→ **Caption-style text data**:
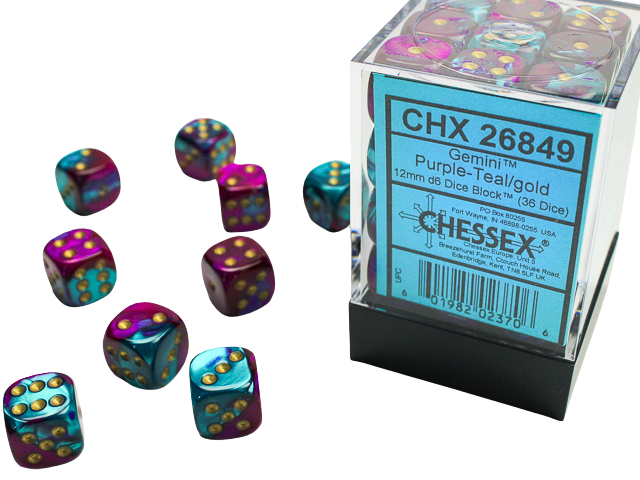 Chessex - Gemini 12mm d6 Dice Blocks with pips Dice Blocks (36 Dice) - Purple-Teal w/gold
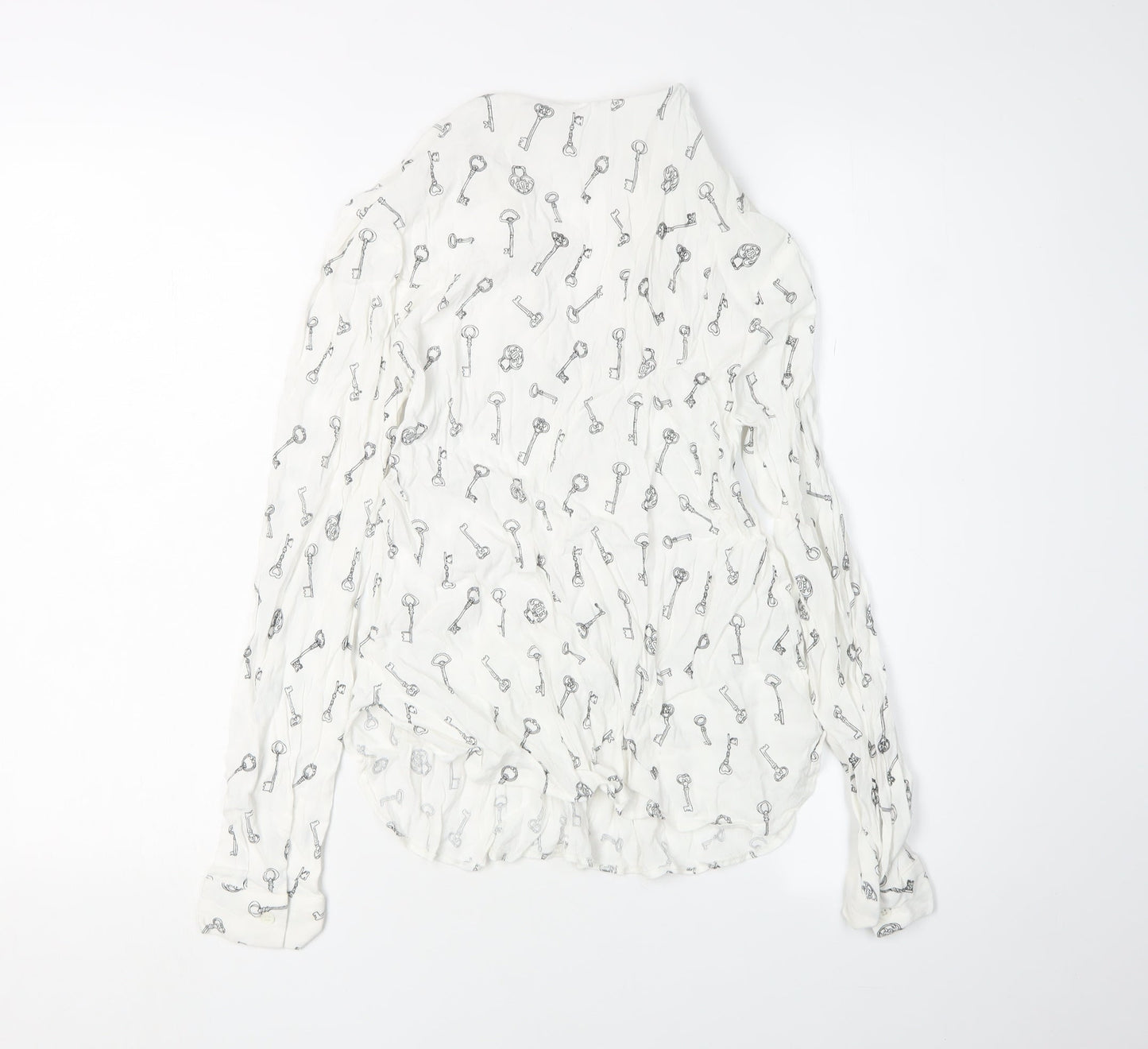 Womens UK Size 10 Warehouse White Basic Blouse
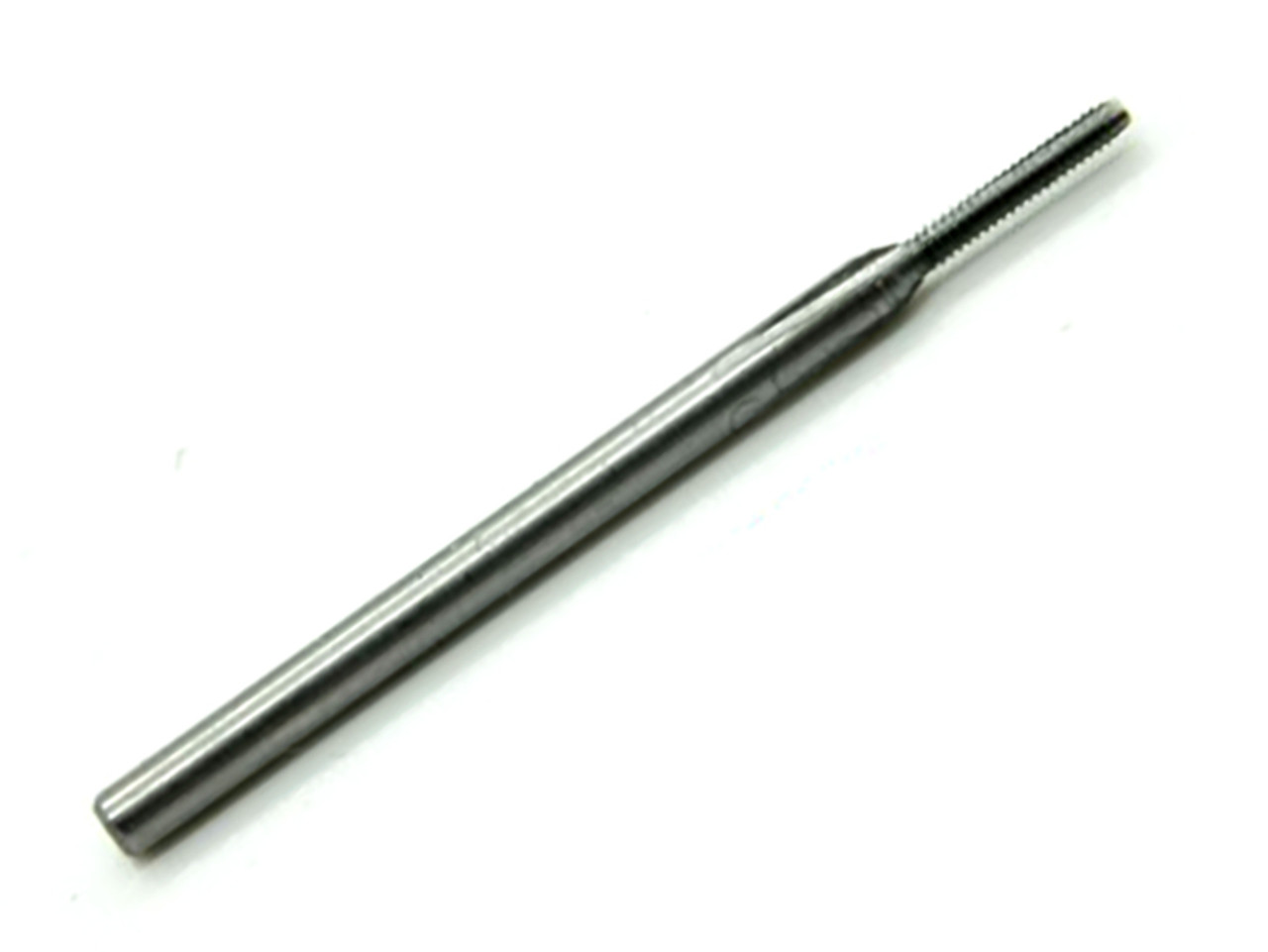 000-120 Tap
3 Flute Bottoming
American Miniature (to ANSI B18.6.3) Size 000 Thread 120 Per Inch
Class NS-2
Shank 0.060"
Made from Hardened High Speed Steel
Designed for Production Tapping in Automatic Screw Machines, Tappers, CNC Lathes, and CNC Mills
Overall length of tap is 25mm (0.984") threaded length (tip to end of thread) 5.5mm (0.216"). Lengths can vary slightly between batches.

→ **Exercise**:
Nothing but the lines from the line that contains "American Miniature (to" to the last line of the records above should appear in the answer; please copy them exactly.

→ **Response box**:
American Miniature (to ANSI B18.6.3) Size 000 Thread 120 Per Inch
Class NS-2
Shank 0.060"
Made from Hardened High Speed Steel
Designed for Production Tapping in Automatic Screw Machines, Tappers, CNC Lathes, and CNC Mills
Overall length of tap is 25mm (0.984") threaded length (tip to end of thread) 5.5mm (0.216"). Lengths can vary slightly between batches.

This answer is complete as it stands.